I only clean when I have to. I hate cleaning, and I need a strong motivator to get me going, like an impending visit from a college friend or the soul-crushing screech of my mom’s nagging. Considering that I dislike it so very hard, I’ve created a system of cleaning that gets things looking passable just about as fast as possible.
Cleaning the oven should be done in parts. Cleaning the inside is not only difficult, but also unnecessary in most “I have to clean” situations. The average house guest won’t see inside your oven, and even if they do, they probably won’t judge you too hard about it if the stove top is clean.
I usually only clean the surface area of the stove if someone’s coming over, but if I know they’ll be cooking in my kitchen, I begrudgingly accept that I actually have to clean those nasty drip pans that reside under my oven’s electric burners.
I once had a flat top stove. I can say with all certainty that this tutorial is not for you, flat top stove-havers. This also doesn’t apply too much to those with gas ovens.
Step 1: Get everything off the stove top
Whisk all the pots and pans out of sight. Tilt the burners up to release the pans and weird metal ring thing that the burner sits on. Brush the crumbs and weird burnt bits into the floor, to be swept up later.
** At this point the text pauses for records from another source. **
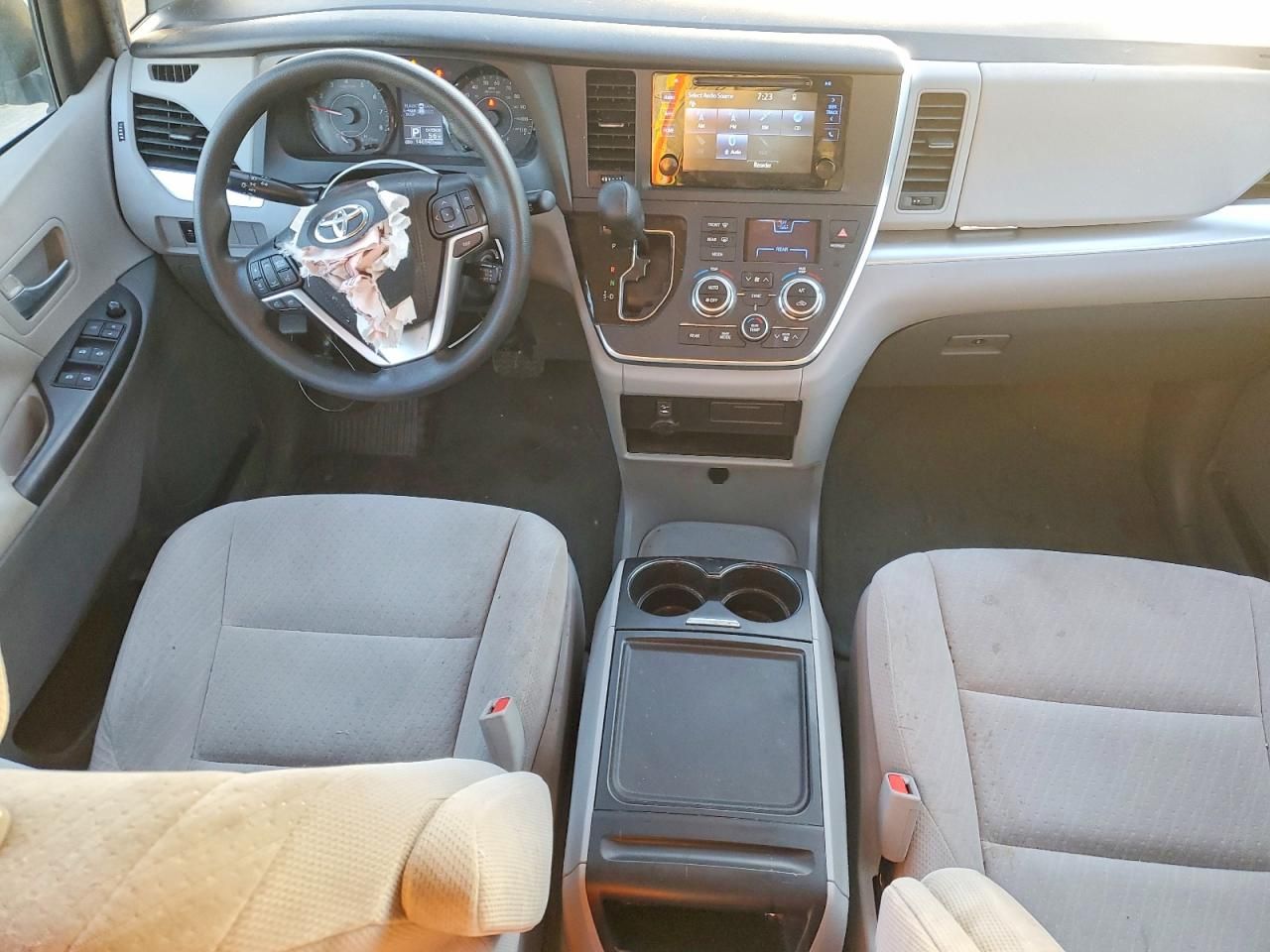 2017 Toyota Sienna le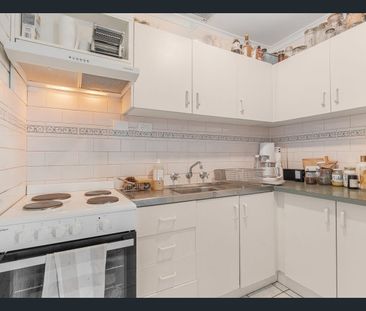 Comfort Living, Convenient Location - Photo 6
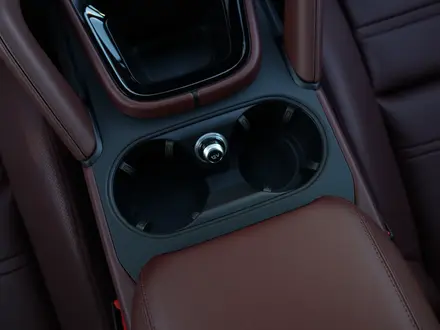 Porsche Cayenne GTS 2025 года за 113 625 000 тг. в Астана – фото 21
Step 2: Enact the slow cleaning method
For burner pans that didn’t need too much attention, I let them go for a long soak. Just fill the sink up with hot water and squeeze in some dishwasher detergent. If you don’t have a dishwasher, dish soap should still help. Let them soak while you take care of the next steps.
Step 3: Enact the tough cleaning method
For the nastiest pans, sprinkle them with baking soda. Then, just like in grade school, pour some vinegar over and enjoy watching science do some cleaning for you. (You can also make a paste out of cream of tartar and vinegar for this purpose, but I don’t know anybody that just keeps that around.) Leave to sit for several minutes while you move on to step four.
Step 4: Clean the stove top
Dip your sponge in the detergent water and give the stove top a good scrub down. Around each burner, there’s probably a little circle of crud where the metal rings were. Take care of those first, then clean around the oven. Clean your sponge often. If you’re up to it, clean down in the stove beneath where the drip pans rest. If the top of your stove lifts up (it probably does,) this will make cleaning easier. Be mindful of the cords that power the burners—don’t get those wet. If the burners themselves are dirty, clean using only warm water and your determination to see those crispy burnt bits disappear.
Step 5: Scrub. Fo’ real.
Scrub the vinegar pan. Scrub it good. If there are weird splatters of grease, use a spoon to scratch those up, then scrub some more. Then scrub the detergent pans. Rinse everything really well, and let dry. Some of those pans won’t be clean enough. Re-clean if you’ve got the spirit.
Step 6: Reassemble the stove, and admire your handiwork.
Strike a Superman pose and feel proud that you’ve made your stove totes presentable. And then move on to the next thing you need to clean before someone shows up.